First introduced to Parliament last month, the site-blocking legislation allows rights holders to request that ISPs block overseas websites that "facilitate" piracy. Under the draft bill, rights holders can seek a Federal Court injunction to have the websites blocked at an ISP level, though they must satisfy the court that the sites' "primary purpose" is to facilitate the breach of copyright.

But while the Government has specifically outlined [PDF] that search engines are "not the intended targets" of this legal action, Foxtel has now called for changes to include them within the scope of the laws.

In its submission to the Senate Committee currently reviewing the Copyright Amendment (Online Infringement) Bill, Foxtel called for the laws to be "broadened."

"As currently drafted...[the bill] applies only to 'carriage service providers,'" the submission reads. "The scope of the Bill should be broadened so as to apply to service providers and intermediaries (eg search engine providers), by deleting the word 'carriage.'"

A spokesperson for Foxtel argued that extending the law to search engines would not "create an 'internet filter,'" because courts would be required to take a number of factors into account in ordering an injunction and "a very high threshold must be satisfied".

Instead, Foxtel argues that its proposed changes will ensure the bill remains "technologically neutral and capable of broad application".

However, these appeals have been criticised by copyright experts, with Sydney Law School Associate Professor Kimberlee Weatherall saying it would be "very surprising" if the Government heeded Foxtel's demands.

"The legislation is targeted at something quite specific, which is carriage service providers blocking access to all their customers to known flagrant infringing sites," said Weatherall. "It's not intended to be broad. This is intended to be a narrow, targeted response to a specific problem."

Weatherall also noted that most search companies already have "notice and takedown" schemes in place, meaning they can remove links to copyright-infringing material from their search results at the request of rights holders.

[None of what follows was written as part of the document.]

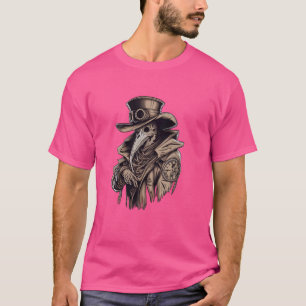 Camiseta Doutor em Peste - Confie em mim, sou um Médico Ass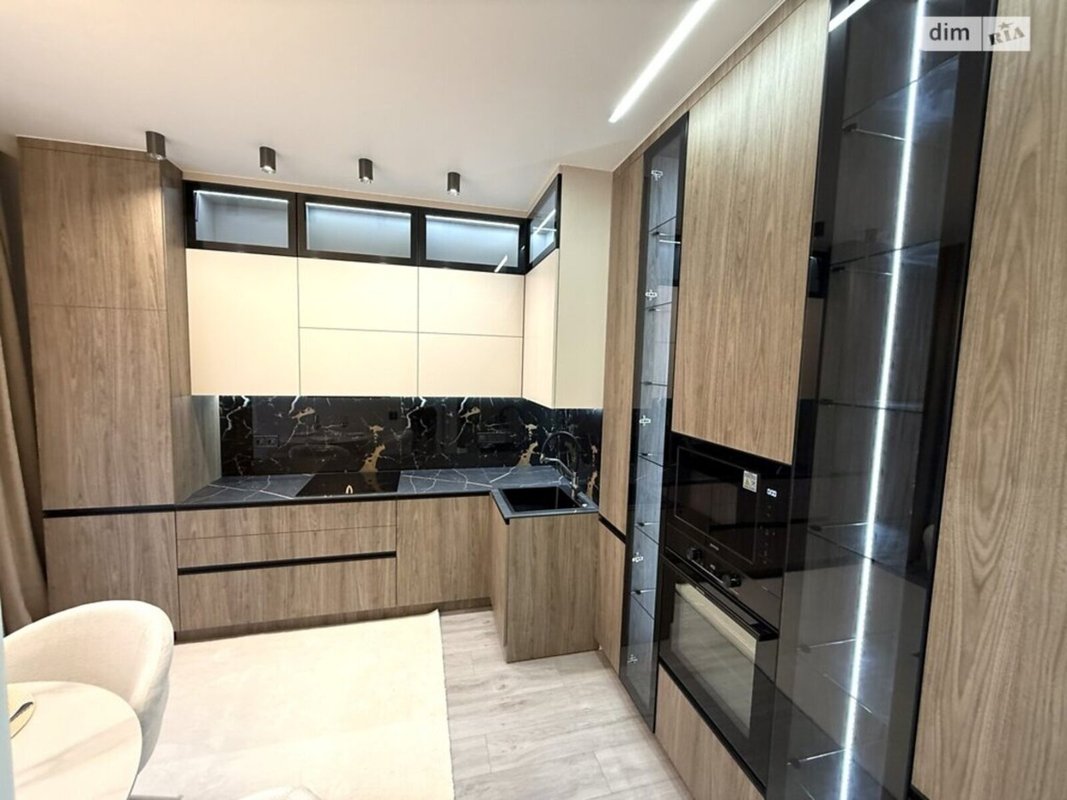 Одесса Краснова KADORR City, 63 Жемчужина: видовая 1к квартира 43 м² с полной комплектацией и видом на ипподром. — фото 4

While Foxtel has looked overseas for proof of site-blocking success -- a Foxtel spokesperson said that "similar laws overseas, which are working well, apply more broadly to service providers and intermediaries" -- Weatherall says Australia lacks the same 'safe harbour' schemes seen overseas that protect search engines from legal action.

Essentially a safe harbour scheme ensures that the likes of YouTube, social media sites and search engines "get protection from legal liability [over copyrighted material] provided they have a system of notice and takedown." According to Weatherall, these protections exist in "pretty much every developed country except Australia."

"I think you could characterise it as cheeky to demand an even more extensive site-blocking set of rules without any recognition of...the concerns of the other side."